Cadence doesn’t see the changes as she is writing nothing, avoiding her friends and her sister. She’s taking bigger and bigger risks with her drinking. She finds herself explaining her purchases to cashiers, and changing where she buys her wine. When it all comes crashing down, her ex-husband taking Charlie to his home, her sister taking her to re-hab, Cadence thinks she’s reached her lowest point, but the climb out of alcoholism is a battle, a long long fight.
I related to Cadence, being a mom is hard, being a single mom much be much more difficult. Losing your husband and feeling like you’ve already given up your career for motherhood and now left in a divorce, I can imagine the desperation. I liked Cadence, and even though I couldn’t imagine drinking in such a way myself I know it’s completely plausible.
I grew up with a father that occasionally drank to excess, it was a known factor that if he wasn’t home by 5:30, and didn’t have a meeting, something was up. He was in a bar and there was no way to know when he would be home, or what his mood would be like.
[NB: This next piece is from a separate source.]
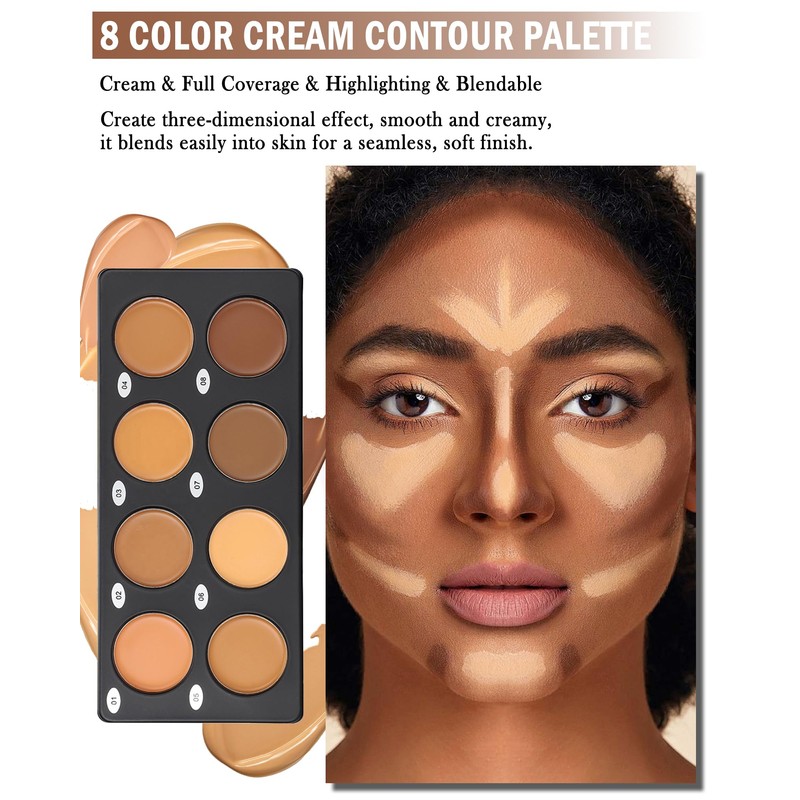 Cream Contour Palette Makeup, Long Lasting Full Coverage Concealer for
My dad could go from happy to violent in two seconds and it was completely unpredictable. He didn’t drink daily, and he wasn’t a bad person, he just didn’t know when to stop when he was stressed and decided to have a drink as a way to put his work behind him. He has never admitted he had a problem.
I share this because the reality and harshness of alcoholism is palpable in Best Kept Secret. Amy Hatvany wrote this book after her own recovery, and while not about her, she knows what she’s talking about. This book really made me think about my friends who discuss having that glass of wine or two when their husbands get home, or when the kids go to bed. Is this a reasonable relaxation technique or do some of them have pending issues? Would I really know? I’m not opposed to drinking, I drink, but would I be aware if someone had a problem, how well can someone hide their addiction?
I gave this book a 4 out of 5 stars, and I highly recommend it.